“There is no comprehensive law regulating the collection, use, disclosure, and retention of biometric data.”
The Project for Privacy and Surveillance Accountability (PPSA) joined with 45 other civil liberties organizations in an open letter calling on federal and state agencies to end the practice of forcing Americans to use facial recognition technology for identity verification.
The letter applauds the IRS and Department of the Treasury for backing out of a decision to use the facial recognition software of a contractor, ID.me. The letter notes many problems with facial recognition technology, ranging from misidentification of people of color to issues with how a private contractor might use its possession of personal biometric data in the marketplace.
One portion of this letter precisely describes PPSA’s concerns with government-mandated facial recognition technology:
“The use of third-party face verification service also creates needless security issues facilitated by government agencies forcing individuals to hand over biometric data to a private company. Biometric data, particularly faceprints, are increasingly becoming targets for fraudulent activity. The likely result of federal and state agencies using faces as a credential to access sensitive information will be large-scale data breaches of a credential that cannot easily be changed."
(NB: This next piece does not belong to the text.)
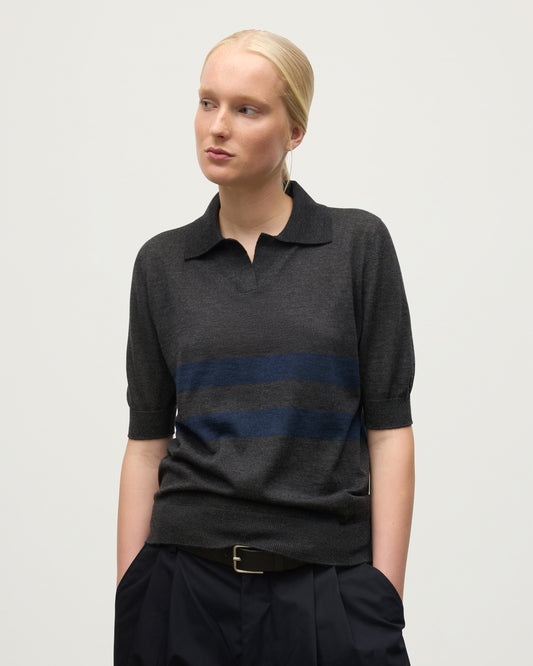 MODEL WEARS JOHNSTONS OF ELGIN WOMENS COIRA SHORT SLEEVE SHIRT GREY & NAVY 100% SUPERFINE CASHMERE KAI05714Q25955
PPSA has long noted, as the letter states: “There is no comprehensive law regulating the collection, use, disclosure, and retention of biometric data.”
Given the dire consequences for privacy and civil liberties of a hack of millions of Americans’ biometric data, PPSA joins our peers in calling on the government to halt the use of facial recognition technology. We should not even consider this technology for public services until the government has put in place the legal governance and cybersecurity needed to protect Americans.